§ The task:
Lines holding the string "Gear" are the ones to copy from this listing.

*** Begin section ***

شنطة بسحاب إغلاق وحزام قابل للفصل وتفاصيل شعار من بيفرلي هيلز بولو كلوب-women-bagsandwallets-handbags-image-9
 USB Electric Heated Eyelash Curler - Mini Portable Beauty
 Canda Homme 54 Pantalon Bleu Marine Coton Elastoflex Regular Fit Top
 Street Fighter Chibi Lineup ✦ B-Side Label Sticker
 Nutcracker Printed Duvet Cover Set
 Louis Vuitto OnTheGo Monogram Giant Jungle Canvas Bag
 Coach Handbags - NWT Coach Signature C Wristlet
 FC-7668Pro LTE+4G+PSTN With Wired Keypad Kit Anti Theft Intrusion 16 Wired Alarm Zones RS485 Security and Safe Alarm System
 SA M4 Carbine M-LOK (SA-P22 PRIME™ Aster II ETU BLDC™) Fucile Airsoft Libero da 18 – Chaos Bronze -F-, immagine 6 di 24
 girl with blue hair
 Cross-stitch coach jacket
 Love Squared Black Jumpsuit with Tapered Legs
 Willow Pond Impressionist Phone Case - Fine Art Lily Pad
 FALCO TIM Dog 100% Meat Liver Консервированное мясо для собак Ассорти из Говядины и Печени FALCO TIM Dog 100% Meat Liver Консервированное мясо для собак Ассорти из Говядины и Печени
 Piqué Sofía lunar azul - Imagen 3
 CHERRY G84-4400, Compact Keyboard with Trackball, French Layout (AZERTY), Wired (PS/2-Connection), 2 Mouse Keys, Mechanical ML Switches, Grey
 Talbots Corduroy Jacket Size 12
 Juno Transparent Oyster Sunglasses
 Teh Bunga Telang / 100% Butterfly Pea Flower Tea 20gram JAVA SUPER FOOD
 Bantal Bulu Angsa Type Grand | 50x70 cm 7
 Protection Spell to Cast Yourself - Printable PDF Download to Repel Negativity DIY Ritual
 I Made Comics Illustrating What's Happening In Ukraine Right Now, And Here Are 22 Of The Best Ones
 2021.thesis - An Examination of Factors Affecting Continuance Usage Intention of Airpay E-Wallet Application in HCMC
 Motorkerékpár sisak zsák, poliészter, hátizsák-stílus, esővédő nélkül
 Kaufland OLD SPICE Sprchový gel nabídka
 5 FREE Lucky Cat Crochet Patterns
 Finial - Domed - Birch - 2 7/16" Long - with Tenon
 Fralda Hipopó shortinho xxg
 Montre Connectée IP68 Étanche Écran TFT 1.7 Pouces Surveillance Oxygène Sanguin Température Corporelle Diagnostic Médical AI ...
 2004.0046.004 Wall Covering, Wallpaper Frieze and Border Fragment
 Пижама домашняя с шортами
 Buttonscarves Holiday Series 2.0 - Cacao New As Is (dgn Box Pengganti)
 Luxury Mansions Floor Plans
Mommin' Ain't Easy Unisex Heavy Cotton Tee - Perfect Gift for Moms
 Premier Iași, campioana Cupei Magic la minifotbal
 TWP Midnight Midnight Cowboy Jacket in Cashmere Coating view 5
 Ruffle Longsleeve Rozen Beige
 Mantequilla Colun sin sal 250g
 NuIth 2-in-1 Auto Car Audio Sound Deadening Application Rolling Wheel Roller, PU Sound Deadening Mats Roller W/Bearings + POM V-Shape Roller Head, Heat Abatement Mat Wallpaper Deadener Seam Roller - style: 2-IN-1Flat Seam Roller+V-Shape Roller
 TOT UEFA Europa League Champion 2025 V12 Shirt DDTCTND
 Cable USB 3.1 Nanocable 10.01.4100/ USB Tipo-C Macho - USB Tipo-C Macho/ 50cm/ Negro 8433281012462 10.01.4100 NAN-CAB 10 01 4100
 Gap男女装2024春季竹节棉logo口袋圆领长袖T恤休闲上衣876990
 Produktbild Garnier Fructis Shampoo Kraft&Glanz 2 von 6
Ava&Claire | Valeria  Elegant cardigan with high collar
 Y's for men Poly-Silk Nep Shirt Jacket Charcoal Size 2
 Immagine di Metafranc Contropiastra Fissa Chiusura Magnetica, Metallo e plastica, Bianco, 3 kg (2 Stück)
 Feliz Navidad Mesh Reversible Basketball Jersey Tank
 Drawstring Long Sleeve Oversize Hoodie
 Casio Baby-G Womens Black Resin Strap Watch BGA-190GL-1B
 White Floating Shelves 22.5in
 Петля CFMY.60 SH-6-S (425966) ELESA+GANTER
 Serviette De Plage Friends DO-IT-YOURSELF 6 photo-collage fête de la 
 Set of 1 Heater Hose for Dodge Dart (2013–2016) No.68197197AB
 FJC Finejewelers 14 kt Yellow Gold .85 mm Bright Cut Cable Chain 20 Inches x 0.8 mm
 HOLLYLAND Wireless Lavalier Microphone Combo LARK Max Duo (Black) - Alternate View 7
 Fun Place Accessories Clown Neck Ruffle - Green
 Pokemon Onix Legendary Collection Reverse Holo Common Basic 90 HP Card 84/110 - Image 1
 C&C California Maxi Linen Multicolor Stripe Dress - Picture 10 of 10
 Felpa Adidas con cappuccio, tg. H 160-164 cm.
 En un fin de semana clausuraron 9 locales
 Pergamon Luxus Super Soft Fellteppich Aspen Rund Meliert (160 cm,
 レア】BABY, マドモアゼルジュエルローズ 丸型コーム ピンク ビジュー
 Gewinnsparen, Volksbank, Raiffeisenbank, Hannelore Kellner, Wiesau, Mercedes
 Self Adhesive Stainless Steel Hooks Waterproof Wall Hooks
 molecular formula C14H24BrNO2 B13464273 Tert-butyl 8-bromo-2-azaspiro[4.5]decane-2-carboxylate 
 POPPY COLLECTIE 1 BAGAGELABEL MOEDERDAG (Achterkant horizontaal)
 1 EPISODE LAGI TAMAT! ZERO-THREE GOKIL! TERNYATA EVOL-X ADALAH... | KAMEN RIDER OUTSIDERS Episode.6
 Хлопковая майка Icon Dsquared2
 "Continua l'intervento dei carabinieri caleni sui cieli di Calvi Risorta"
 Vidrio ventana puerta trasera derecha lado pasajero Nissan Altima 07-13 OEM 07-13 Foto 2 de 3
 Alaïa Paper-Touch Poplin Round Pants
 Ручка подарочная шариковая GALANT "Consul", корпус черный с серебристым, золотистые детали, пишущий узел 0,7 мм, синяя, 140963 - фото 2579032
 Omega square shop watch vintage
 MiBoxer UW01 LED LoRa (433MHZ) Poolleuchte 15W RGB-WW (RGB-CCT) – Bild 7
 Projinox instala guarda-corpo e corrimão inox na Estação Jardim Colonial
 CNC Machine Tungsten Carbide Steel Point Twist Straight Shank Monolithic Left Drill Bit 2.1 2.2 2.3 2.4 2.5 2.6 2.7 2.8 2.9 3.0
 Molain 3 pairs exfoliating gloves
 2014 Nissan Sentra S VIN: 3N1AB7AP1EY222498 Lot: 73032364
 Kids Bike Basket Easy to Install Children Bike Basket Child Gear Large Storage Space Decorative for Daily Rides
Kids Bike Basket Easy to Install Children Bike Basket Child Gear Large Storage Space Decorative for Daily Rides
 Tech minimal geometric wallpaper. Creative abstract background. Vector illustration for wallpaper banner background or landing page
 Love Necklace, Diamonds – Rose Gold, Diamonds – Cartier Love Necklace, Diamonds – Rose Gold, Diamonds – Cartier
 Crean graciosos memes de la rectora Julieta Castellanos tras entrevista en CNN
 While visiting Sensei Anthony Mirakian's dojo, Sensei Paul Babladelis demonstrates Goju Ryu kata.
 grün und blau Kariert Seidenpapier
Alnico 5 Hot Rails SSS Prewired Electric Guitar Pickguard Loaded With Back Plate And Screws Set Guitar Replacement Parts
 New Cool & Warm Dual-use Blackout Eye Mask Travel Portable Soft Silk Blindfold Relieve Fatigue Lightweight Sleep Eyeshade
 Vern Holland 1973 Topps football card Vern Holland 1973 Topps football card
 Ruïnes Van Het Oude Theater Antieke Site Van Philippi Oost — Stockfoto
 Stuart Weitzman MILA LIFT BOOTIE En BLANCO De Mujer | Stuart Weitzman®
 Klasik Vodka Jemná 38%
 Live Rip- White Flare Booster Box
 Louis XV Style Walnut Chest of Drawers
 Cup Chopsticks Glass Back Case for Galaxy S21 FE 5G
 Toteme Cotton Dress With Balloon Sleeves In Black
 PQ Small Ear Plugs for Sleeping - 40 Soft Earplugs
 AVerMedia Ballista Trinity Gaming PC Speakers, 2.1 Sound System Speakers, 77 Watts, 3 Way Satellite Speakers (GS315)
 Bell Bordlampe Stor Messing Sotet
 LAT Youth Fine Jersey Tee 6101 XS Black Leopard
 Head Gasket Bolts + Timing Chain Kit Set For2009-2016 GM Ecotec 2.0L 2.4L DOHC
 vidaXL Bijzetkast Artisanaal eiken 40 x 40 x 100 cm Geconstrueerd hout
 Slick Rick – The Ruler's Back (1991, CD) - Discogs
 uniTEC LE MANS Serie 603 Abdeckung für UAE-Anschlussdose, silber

*** End section ***

§ Task solution:
 Kids Bike Basket Easy to Install Children Bike Basket Child Gear Large Storage Space Decorative for Daily Rides
Kids Bike Basket Easy to Install Children Bike Basket Child Gear Large Storage Space Decorative for Daily Rides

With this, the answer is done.